I may have to run out and grab an IM kit and get it started so I can bottle the end of next month before our SC trip.


----------



## Runningwolf (Aug 13, 2010)

Doug, Try an OB kit if you can get it, either way you could also add 4-6oz of glycerin to it before bottling for a better wine also.


----------



## ffemt128 (Aug 13, 2010)

Who does the OB kits? I can get Cellar Craft, Wine Expert and I think Spagnols now.


----------



## Runningwolf (Aug 13, 2010)

Spagnols/Ocean Breeze. Its their version of Island Mist


----------



## AndyL (Aug 13, 2010)

I know the feeling - was eyeballing our stock last night - realizing we only have 3 bottles left of the black cherry merlot; Between gifting & drinking it went fast... And my skeeter pees are just finishing up fermentation, still need to clear... 
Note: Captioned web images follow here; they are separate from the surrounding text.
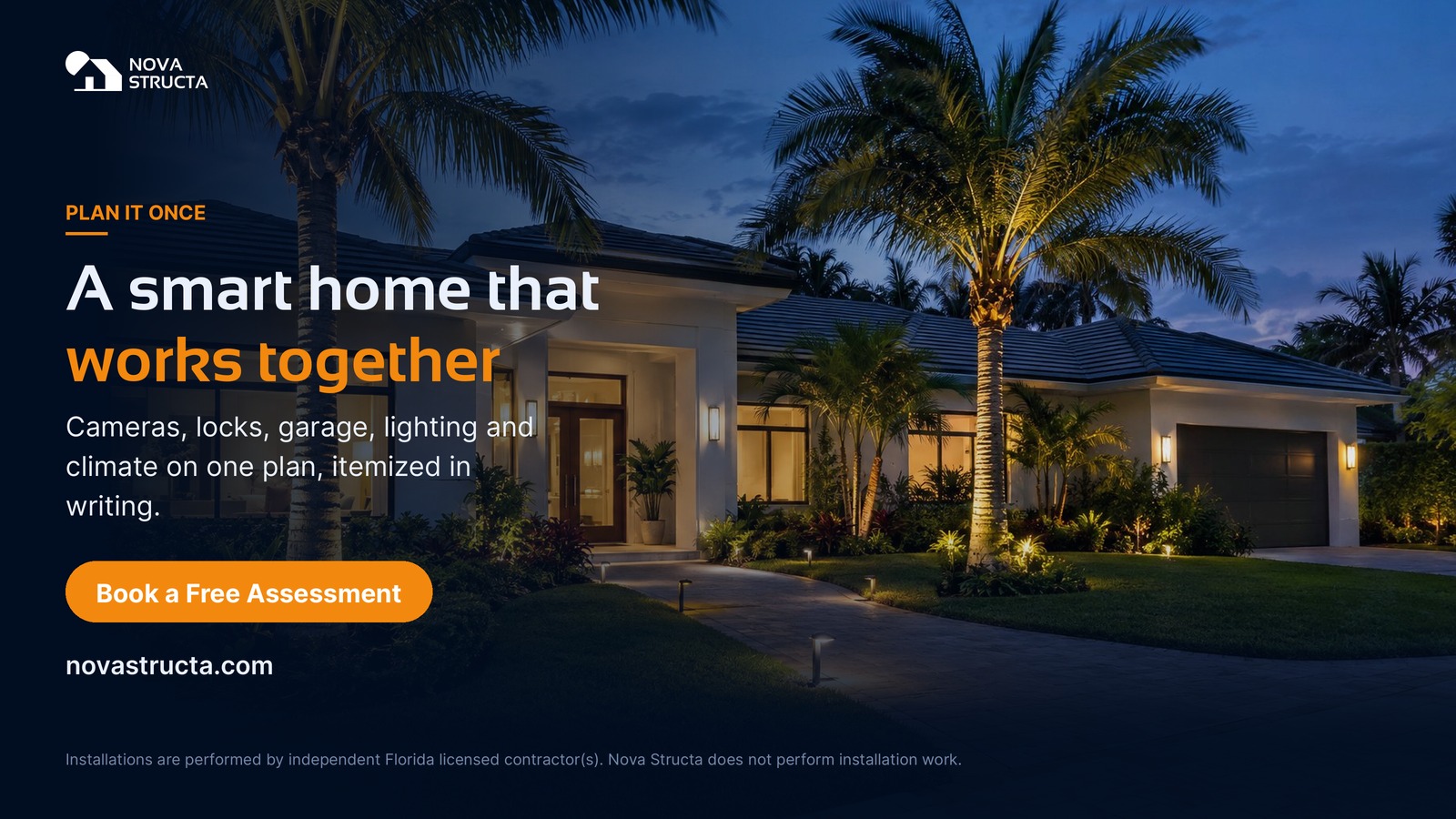 A smart home that works together: cameras, locks, garage, lighting and climate on one plan, itemized in writing. Book a free assessment.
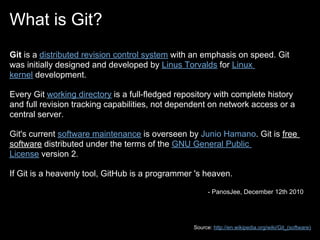 What is Git?
Git is a distributed revision control system with an emphasis on speed. Git
was initially designed and developed by Linus Torvalds for Linux
kernel development.

Every Git working directory is a full-fledged repository with complete history
and full revision tracking capabilities, not dependent on network access or a
central server.

Git's current software maintenance is overseen by Junio Hamano. Git is free
software distributed under the terms of the GNU General Public
License version 2.

If Git is a heavenly tool, GitHub is a programmer 's heaven.

                                                        - PanosJee, December 12th 2010




                                                  Source: http://en.wikipedia.org/wiki/Git_(software)
 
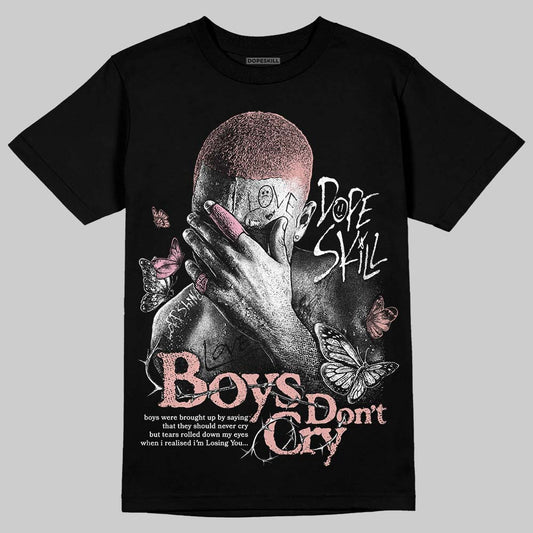 Rust Pink 1s 2025 DopeSkill T-Shirt Boys Don't Cry Graphic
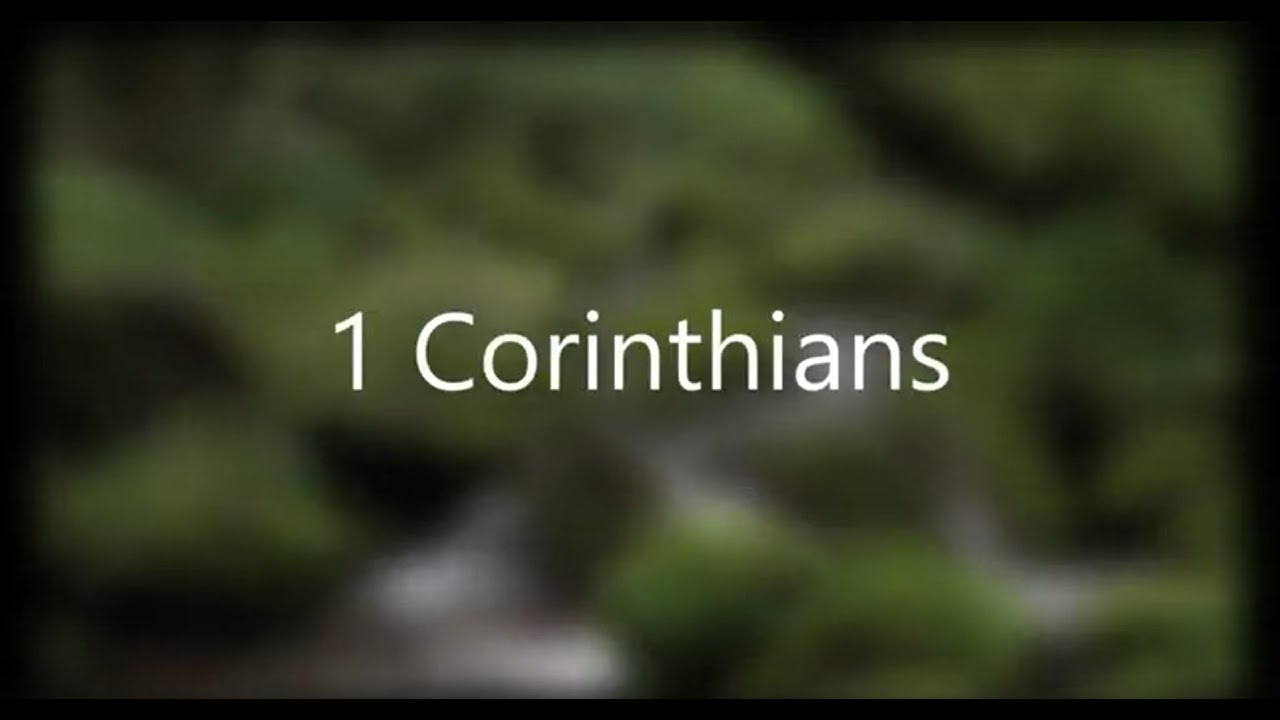 The Book of 1 Corinthians - New King James Version (NKJV) - Audio Bible ...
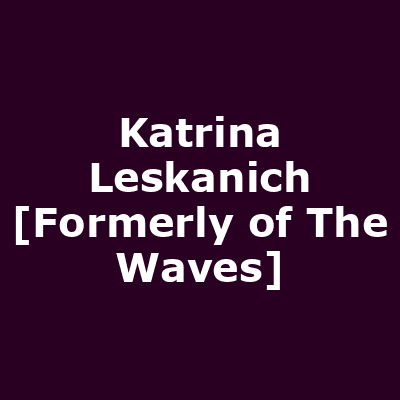 Katrina Leskanich [Formerly of The Waves]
I'm thinking i better get something else going tonight... Maybe this is why the LHBS said don't let that primary go dry for the first year...


----------



## ffemt128 (Aug 13, 2010)

AndyL said:


> Maybe this is why the LHBS said don't let that primary go dry for the first year...



That's about it. There is a reason for the OB and IM kits. They are early drinkers.


----------



## djrockinsteve (Aug 13, 2010)

Doug Don't Fret! Start a skeeter pee and come see me or we can meet, I'll help you get thru this low inventory thing.


----------



## ffemt128 (Aug 13, 2010)

djrockinsteve said:


> Doug Don't Fret! Start a skeeter pee and come see me or we can meet, I'll help you get thru this low inventory thing.



Thanks for the offer Steve. Did you get your choke cherry wine started? I have a steamer if you want to try steaming to get juice.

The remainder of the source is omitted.